Architecture¶

This document describes the internal architecture of the NLS compiler.

Pipeline Overview¶

flowchart LR
    A[".nl file"] --> B[Parser]
    B --> C[AST]
    C --> D[Resolver]
    D --> E[Emitter]
    E --> F[".py file"]
    E --> G[".nl.lock"]

The compiler follows a classic pipeline architecture:

Parser — Converts .nl text to AST
Resolver — Validates dependencies and ordering
Emitter — Generates Python code
Lockfile — Records hashes for reproducibility

Module Breakdown¶

Core Modules¶

Module	Purpose	Lines
`parser.py`	Regex-based parser	~500
`parser_treesitter.py`	Tree-sitter parser	~600
`resolver.py`	Dependency resolution	~100
`emitter.py`	Python code generation	~400
`lockfile.py`	Hash computation and storage	~200
`schema.py`	AST data structures	~300

CLI Modules¶

Module	Purpose
`cli.py`	Command-line interface
`graph.py`	Visualization (Mermaid, DOT, ASCII)
`diff.py`	Change detection
`watch.py`	File watcher
`atomize.py`	Python → NL extraction

Parser Backends¶

Regex Parser (Default)¶

The regex parser uses pattern matching to tokenize and parse .nl files.

# Pattern examples from parser.py
ANLU_START = r"^\[([a-z][a-z0-9.-]*)\]\s*$"
DIRECTIVE = r"^@(module|version|target|imports)"
SECTION = r"^(PURPOSE|INPUTS|GUARDS|LOGIC|RETURNS|DEPENDS|EDGE CASES):"

Pros:

Zero dependencies
Fast for simple files
Easy to understand

Cons:

Limited error recovery
Complex patterns for edge cases

Tree-sitter Parser¶

The tree-sitter parser uses a formal grammar for parsing.

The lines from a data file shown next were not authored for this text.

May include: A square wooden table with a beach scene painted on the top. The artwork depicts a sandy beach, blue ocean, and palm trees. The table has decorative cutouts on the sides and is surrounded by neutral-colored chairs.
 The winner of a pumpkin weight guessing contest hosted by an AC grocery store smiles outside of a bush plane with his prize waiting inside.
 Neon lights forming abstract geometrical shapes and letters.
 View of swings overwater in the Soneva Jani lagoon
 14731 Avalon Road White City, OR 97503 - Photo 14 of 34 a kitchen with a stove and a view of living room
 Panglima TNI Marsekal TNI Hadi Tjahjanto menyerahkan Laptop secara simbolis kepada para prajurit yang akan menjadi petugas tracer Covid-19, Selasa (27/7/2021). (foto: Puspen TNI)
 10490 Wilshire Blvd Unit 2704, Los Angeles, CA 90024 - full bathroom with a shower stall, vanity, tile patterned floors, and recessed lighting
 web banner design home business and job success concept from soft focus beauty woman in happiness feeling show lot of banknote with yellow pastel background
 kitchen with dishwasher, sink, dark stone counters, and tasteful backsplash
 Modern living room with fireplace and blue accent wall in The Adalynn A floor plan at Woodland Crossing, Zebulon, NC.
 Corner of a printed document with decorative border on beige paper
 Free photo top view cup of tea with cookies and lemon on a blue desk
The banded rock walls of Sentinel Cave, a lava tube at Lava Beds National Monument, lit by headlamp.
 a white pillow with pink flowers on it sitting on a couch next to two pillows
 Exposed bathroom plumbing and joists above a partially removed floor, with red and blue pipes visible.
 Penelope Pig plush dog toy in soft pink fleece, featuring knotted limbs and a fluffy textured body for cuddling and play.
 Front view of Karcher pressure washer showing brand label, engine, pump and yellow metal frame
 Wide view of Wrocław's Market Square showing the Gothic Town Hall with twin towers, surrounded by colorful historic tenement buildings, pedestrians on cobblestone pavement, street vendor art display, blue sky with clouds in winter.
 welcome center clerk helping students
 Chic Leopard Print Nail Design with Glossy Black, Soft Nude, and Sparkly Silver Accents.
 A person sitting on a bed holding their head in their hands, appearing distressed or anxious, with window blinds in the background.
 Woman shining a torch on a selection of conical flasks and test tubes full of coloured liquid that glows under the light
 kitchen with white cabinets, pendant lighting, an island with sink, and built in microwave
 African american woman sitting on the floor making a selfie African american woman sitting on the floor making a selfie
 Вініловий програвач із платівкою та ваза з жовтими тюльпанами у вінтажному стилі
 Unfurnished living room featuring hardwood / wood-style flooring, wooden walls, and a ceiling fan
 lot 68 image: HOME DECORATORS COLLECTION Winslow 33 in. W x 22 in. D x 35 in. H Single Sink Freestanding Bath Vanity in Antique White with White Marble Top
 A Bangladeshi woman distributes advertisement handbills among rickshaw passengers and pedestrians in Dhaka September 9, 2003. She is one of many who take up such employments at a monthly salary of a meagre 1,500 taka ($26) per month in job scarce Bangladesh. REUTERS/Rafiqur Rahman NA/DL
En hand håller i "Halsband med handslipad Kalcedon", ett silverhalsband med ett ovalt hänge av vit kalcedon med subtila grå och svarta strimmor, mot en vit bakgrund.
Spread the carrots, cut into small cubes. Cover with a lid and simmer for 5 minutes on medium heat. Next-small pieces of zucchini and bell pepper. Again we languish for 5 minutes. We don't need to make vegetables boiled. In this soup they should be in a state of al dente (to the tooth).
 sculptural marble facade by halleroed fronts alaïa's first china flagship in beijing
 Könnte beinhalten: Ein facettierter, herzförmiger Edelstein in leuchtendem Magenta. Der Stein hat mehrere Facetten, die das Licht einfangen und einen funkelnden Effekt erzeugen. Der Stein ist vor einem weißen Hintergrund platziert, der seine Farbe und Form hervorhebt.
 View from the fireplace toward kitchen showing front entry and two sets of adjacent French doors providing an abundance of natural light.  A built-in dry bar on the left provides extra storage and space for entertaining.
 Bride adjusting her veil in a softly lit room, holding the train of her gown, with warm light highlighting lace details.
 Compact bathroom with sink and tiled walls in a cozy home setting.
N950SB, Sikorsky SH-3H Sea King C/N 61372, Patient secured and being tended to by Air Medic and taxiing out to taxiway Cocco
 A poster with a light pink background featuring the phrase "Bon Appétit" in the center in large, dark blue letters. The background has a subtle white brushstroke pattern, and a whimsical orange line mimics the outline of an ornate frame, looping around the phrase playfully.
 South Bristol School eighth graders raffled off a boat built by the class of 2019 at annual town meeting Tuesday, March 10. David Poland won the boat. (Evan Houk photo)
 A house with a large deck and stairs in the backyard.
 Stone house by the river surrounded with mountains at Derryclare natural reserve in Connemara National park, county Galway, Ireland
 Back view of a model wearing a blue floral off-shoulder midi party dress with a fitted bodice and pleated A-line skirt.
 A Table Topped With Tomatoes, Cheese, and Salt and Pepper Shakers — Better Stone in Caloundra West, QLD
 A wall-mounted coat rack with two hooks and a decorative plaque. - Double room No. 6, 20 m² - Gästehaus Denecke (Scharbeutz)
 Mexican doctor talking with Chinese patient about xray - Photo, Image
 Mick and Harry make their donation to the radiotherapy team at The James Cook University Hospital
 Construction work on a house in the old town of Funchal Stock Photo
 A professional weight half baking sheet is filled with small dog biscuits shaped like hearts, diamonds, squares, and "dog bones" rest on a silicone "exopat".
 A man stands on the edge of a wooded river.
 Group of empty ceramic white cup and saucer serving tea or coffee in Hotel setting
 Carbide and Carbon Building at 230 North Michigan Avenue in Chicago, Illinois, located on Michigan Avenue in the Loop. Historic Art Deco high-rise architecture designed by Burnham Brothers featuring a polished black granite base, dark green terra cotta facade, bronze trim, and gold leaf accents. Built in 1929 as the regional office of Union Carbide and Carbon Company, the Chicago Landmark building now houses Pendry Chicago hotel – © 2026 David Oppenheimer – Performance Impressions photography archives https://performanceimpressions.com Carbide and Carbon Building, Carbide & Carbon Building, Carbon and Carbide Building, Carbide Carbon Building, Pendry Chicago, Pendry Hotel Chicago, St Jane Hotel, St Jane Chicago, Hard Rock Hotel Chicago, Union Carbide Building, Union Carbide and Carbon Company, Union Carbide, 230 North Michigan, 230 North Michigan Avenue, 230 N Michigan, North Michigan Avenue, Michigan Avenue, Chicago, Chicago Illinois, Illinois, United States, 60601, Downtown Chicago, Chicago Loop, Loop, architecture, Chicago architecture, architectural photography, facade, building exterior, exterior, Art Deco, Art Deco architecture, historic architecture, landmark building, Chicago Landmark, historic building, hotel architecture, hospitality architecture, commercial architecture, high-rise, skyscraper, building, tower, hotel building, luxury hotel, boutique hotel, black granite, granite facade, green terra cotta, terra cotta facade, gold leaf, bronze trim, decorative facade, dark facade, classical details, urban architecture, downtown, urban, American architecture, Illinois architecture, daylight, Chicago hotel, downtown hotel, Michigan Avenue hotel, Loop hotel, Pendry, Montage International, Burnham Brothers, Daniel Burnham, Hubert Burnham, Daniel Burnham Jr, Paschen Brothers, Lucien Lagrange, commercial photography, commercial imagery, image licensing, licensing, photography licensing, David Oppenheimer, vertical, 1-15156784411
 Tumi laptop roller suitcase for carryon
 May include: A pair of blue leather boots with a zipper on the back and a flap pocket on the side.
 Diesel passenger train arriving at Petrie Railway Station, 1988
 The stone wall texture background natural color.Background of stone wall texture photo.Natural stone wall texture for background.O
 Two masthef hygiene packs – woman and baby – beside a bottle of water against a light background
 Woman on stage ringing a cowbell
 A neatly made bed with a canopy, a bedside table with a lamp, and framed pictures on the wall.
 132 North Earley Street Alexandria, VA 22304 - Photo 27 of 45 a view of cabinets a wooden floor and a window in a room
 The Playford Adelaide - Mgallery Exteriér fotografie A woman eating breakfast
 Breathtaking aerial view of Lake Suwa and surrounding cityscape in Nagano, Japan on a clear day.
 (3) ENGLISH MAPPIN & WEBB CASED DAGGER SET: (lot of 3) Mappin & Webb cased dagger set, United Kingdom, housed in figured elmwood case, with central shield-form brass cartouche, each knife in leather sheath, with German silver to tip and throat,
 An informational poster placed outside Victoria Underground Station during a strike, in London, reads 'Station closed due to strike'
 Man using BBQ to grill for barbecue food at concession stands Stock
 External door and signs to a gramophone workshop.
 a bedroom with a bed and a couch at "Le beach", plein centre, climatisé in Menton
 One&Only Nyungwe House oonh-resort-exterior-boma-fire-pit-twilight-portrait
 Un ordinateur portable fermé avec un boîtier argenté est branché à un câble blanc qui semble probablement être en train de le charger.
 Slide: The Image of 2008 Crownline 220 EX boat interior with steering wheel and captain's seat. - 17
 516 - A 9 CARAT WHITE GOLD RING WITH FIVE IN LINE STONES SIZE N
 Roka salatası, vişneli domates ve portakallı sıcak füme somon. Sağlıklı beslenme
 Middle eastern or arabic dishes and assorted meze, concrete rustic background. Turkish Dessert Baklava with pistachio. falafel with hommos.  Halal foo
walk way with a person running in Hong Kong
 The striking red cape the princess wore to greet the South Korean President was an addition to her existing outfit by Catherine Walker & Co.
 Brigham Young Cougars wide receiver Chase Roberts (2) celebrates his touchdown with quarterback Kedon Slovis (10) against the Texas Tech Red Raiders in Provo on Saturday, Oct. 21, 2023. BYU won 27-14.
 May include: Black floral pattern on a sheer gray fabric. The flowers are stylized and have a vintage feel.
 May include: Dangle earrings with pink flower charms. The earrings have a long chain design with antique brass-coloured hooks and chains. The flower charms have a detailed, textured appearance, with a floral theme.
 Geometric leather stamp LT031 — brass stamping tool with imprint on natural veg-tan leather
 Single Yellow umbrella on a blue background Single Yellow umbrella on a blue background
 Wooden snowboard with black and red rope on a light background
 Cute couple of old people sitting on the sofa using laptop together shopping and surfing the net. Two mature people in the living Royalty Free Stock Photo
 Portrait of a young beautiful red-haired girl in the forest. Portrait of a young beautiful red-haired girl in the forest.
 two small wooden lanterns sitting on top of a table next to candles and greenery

# Install tree-sitter support
pip install nlsc[treesitter]

# Use tree-sitter parser
nlsc --parser treesitter compile src/auth.nl

Pros:

Better error recovery
Incremental parsing
Foundation for LSP/IDE support

Cons:

Requires native dependency
Slightly more complex setup

AST Schema¶

The AST is defined in schema.py:

@dataclass
class NLFile:
    module: ModuleDirective
    version: str | None
    target: str
    imports: list[str]
    anlus: list[ANLU]
    types: list[TypeDef]
    tests: list[TestSpec]
    literals: list[LiteralBlock]

@dataclass
class ANLU:
    identifier: str
    purpose: str
    inputs: list[InputDef]
    guards: list[Guard]
    logic: list[LogicStep]
    returns: str
    depends: list[str]
    edge_cases: list[EdgeCase]

Resolution¶

The resolver validates:

Dependency existence — All DEPENDS references exist
Cycle detection — No circular dependencies
Ordering — Topological sort for code generation

result = resolve_dependencies(nl_file)
if not result.success:
    for error in result.errors:
        print(f"{error.anlu_id}: {error.message}")

Code Emission¶

The emitter transforms AST to Python:

ANLU → Function¶

[add]
PURPOSE: Add two numbers
INPUTS:
  - a: number
  - b: number
RETURNS: a + b

Becomes:

def add(a: float, b: float) -> float:
    """Add two numbers."""
    return a + b

@type → Dataclass¶

@type Point {
  x: number
  y: number
}

Becomes:

@dataclass
class Point:
    """Point type."""
    x: float
    y: float

GUARDS → Validation¶

GUARDS:
  - divisor must not be zero -> ValueError("Cannot divide by zero")

Becomes:

if divisor == 0:
    raise ValueError("Cannot divide by zero")

Lockfile¶

Lockfiles ensure reproducible builds:

# example.nl.lock
version: "1.0"
source_hash: "a1b2c3..."
target_hash: "d4e5f6..."
anlus:
  add:
    hash: "abc123..."
    inputs: ["a: number", "b: number"]
    returns: "a + b"
  multiply:
    hash: "def456..."
    inputs: ["a: number", "b: number"]
    returns: "a × b"
llm_backend: "mock"
compiled_at: "2024-01-15T10:30:00Z"

The lockfile enables:

Change detection (nlsc diff)
Reproducible builds
Audit trails

Extension Points¶

Adding a New Target¶

Create emitter_<target>.py
Implement emit_<target>(nl_file: NLFile) -> str
Register in cli.py compile command

Adding a New Parser Feature¶

Update grammar in tree-sitter-nl/grammar.js
Regenerate with npx tree-sitter generate
Update parser_treesitter.py to handle new nodes
Update parser.py with matching regex patterns

Adding a New CLI Command¶

Create cmd_<name> function in cli.py
Add subparser in main()
Add case in command dispatch

Testing¶

# Run all tests
pytest tests/ -v

# Run specific test module
pytest tests/test_emitter.py -v

# Run tree-sitter grammar tests
cd tree-sitter-nl && npx tree-sitter test

Test coverage includes:

12 regex parser tests
25 tree-sitter grammar tests
9 parser parity tests
15+ emitter tests
Dataflow, guards, types, roundtrip tests

Total: 160 tests passing